*About this task*. The pictures in the listing below are to be skipped, while the lines between the line holding "Giúp đồng bào lũ lụt" and the line holding "Steve Madden Black", inclusive, are to be output exactly.

*Supplied entries*.
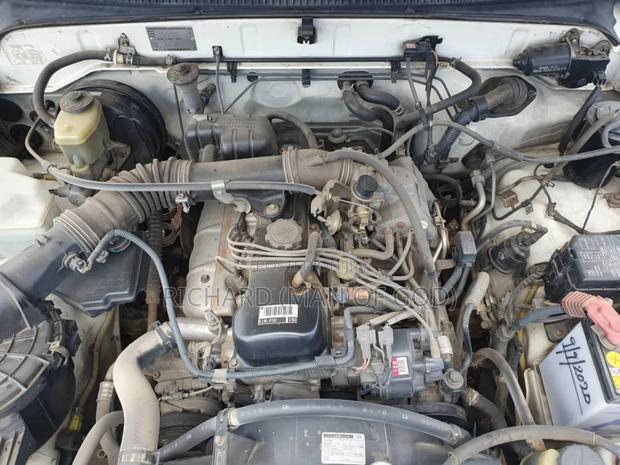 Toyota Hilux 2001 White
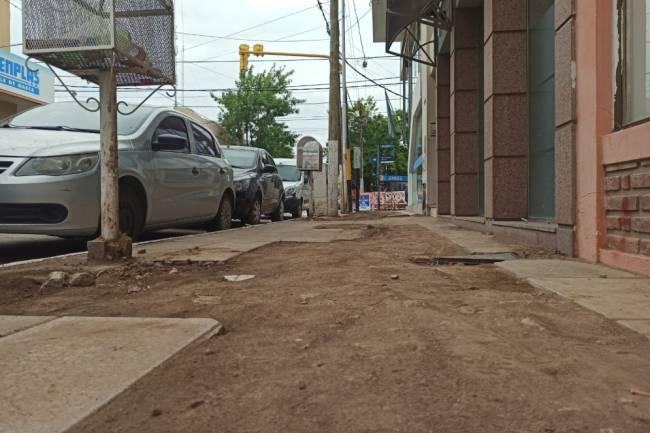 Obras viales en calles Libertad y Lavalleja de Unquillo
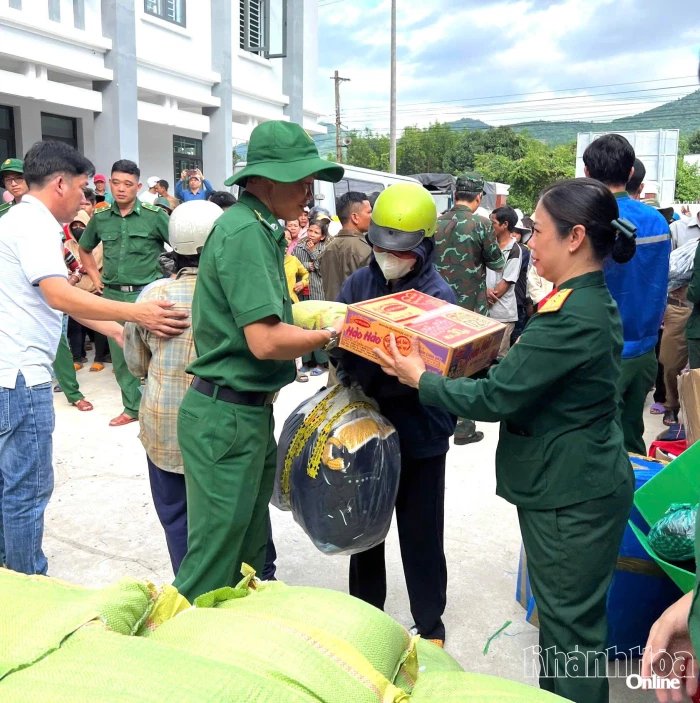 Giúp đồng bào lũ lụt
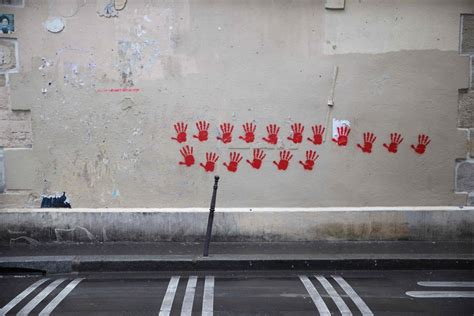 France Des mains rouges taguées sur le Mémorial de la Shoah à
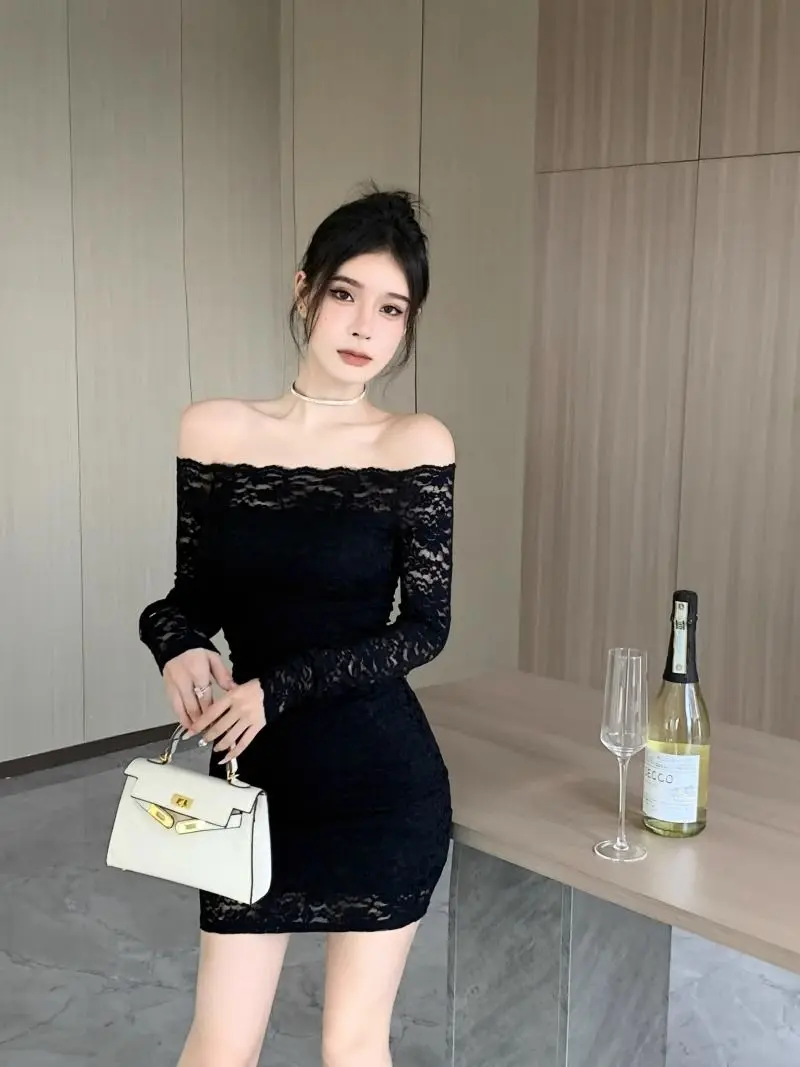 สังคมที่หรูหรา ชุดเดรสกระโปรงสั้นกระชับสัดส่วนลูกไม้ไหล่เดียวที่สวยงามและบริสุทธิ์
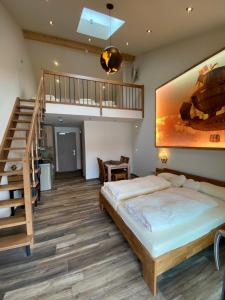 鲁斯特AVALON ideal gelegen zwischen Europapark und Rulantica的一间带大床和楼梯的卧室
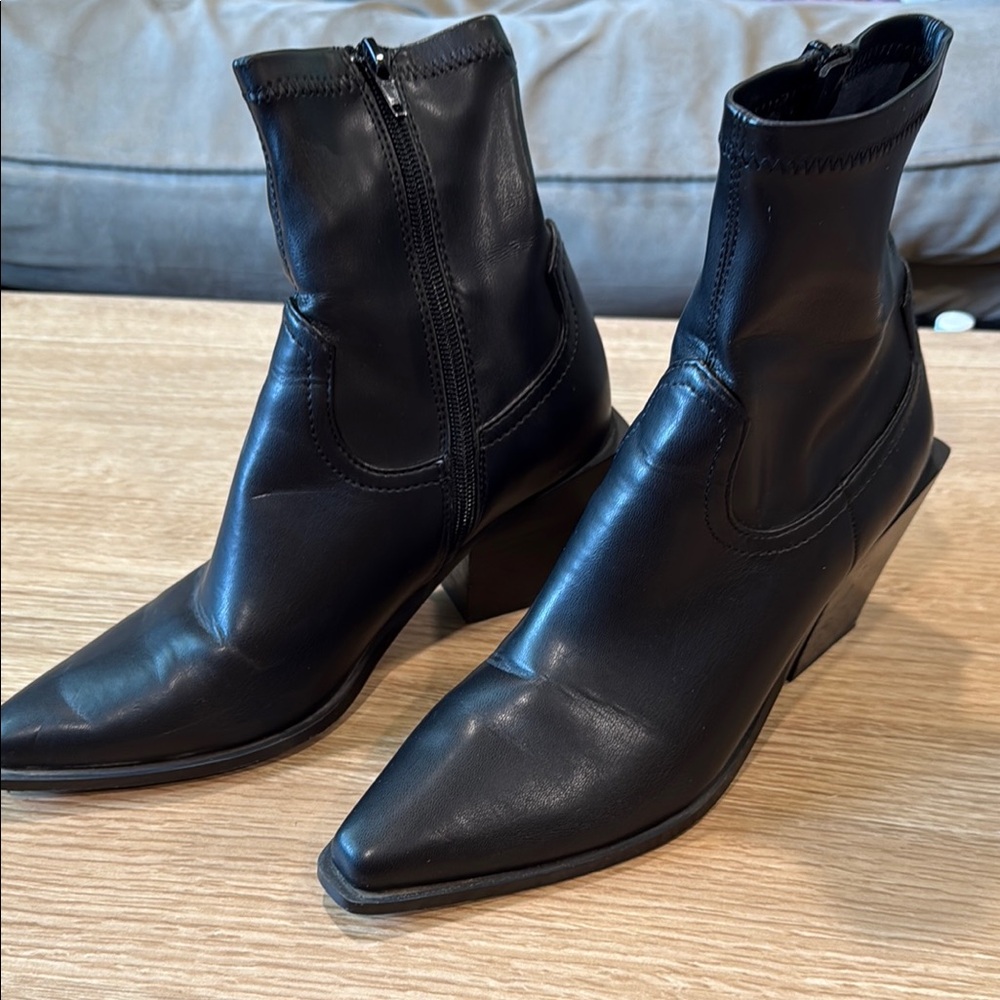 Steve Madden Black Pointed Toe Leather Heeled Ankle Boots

* * *

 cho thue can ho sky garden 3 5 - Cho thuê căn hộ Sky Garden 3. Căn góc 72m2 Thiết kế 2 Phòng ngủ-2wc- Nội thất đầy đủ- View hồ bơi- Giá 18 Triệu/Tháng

*Response box*.
 Giúp đồng bào lũ lụt
 France Des mains rouges taguées sur le Mémorial de la Shoah à
 สังคมที่หรูหรา ชุดเดรสกระโปรงสั้นกระชับสัดส่วนลูกไม้ไหล่เดียวที่สวยงามและบริสุทธิ์
 鲁斯特AVALON ideal gelegen zwischen Europapark und Rulantica的一间带大床和楼梯的卧室
 Steve Madden Black Pointed Toe Leather Heeled Ankle Boots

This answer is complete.